Source information:
□ □ □ □ □ □ □
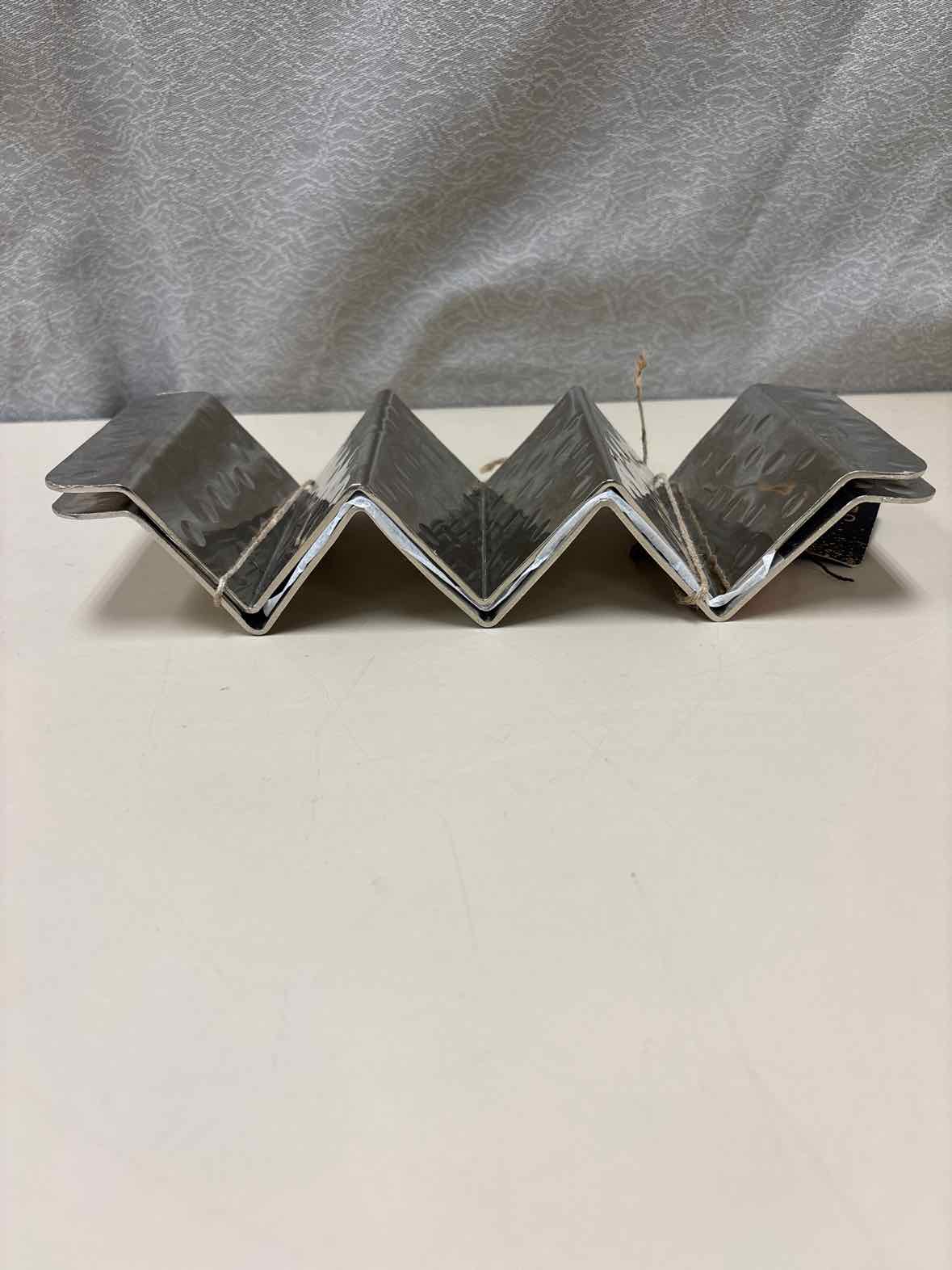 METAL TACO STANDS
□ □ □ □ □ □ □
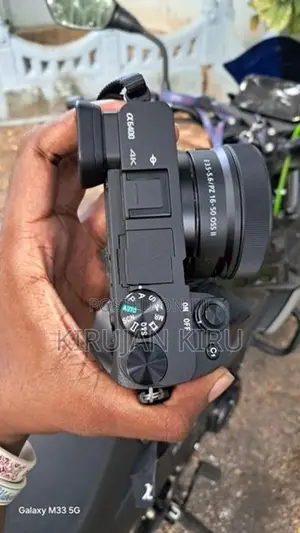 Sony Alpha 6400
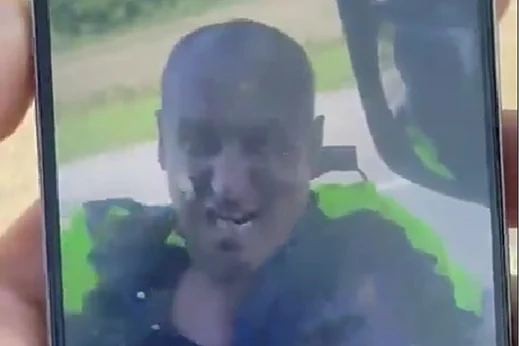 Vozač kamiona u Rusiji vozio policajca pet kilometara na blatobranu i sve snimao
□ □ □ □ □ □ □
Skipping every picture, transcribe exactly the lines above from the one containing "Sony Alpha 6400" through the one containing "Vozač kamiona u", both included.

Solution for this problem:
 Sony Alpha 6400
 Vozač kamiona u Rusiji vozio policajca pet kilometara na blatobranu i sve snimao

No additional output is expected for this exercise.